* _Data for the task_

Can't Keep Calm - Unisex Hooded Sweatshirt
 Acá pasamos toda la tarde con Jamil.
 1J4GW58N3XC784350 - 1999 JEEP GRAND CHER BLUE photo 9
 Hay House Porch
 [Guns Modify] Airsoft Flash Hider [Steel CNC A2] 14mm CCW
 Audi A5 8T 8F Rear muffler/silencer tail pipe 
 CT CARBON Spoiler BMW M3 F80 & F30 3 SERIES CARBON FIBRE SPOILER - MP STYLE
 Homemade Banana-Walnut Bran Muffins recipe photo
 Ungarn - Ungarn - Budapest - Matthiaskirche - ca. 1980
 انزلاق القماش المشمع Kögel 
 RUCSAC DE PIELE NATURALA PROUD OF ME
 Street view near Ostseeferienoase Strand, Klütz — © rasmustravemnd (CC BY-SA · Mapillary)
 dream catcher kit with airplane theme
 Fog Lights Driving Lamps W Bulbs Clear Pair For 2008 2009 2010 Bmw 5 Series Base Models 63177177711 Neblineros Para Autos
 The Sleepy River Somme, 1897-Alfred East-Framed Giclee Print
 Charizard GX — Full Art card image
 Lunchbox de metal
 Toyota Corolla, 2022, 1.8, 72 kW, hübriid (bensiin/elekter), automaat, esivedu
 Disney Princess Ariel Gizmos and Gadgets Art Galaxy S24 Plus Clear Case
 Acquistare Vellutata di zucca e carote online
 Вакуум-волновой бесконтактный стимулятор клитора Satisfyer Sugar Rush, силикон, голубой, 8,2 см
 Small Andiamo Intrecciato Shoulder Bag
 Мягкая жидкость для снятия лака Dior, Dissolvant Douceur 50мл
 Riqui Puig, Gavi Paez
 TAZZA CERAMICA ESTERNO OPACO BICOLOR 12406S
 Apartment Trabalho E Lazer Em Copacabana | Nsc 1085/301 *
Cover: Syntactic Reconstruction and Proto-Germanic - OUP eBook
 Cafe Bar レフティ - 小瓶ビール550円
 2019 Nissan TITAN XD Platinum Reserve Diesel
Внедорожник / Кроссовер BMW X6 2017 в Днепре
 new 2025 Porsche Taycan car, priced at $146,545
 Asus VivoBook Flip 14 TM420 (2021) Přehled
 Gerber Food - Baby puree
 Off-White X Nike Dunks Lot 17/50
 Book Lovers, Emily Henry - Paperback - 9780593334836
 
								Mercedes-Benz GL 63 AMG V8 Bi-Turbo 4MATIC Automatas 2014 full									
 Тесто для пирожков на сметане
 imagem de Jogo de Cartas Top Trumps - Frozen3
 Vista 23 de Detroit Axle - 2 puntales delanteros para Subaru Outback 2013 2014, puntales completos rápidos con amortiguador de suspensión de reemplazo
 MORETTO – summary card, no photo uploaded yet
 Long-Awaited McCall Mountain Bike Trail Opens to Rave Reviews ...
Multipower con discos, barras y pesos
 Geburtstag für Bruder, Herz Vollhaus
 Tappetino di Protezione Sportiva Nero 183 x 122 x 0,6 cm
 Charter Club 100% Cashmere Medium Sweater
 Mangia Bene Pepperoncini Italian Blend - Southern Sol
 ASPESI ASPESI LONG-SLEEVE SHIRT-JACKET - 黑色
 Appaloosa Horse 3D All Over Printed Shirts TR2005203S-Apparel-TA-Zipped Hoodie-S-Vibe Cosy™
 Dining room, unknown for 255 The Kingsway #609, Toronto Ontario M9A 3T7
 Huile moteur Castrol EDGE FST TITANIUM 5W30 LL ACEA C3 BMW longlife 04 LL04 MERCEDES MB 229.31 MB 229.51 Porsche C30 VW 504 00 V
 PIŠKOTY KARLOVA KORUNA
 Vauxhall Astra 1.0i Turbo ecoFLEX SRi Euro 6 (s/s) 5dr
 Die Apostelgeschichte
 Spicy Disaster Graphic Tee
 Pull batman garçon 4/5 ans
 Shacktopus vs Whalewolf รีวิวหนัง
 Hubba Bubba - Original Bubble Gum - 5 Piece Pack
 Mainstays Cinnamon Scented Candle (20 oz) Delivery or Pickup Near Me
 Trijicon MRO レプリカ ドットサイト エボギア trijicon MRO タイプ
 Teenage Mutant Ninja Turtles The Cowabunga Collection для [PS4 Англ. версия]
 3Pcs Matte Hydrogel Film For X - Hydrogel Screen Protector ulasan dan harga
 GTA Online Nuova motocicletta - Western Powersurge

* _Assigned task_
After reading the entries above, state how many lines hold the word "photo", with no text besides the number.

* _Output of the exercise_
3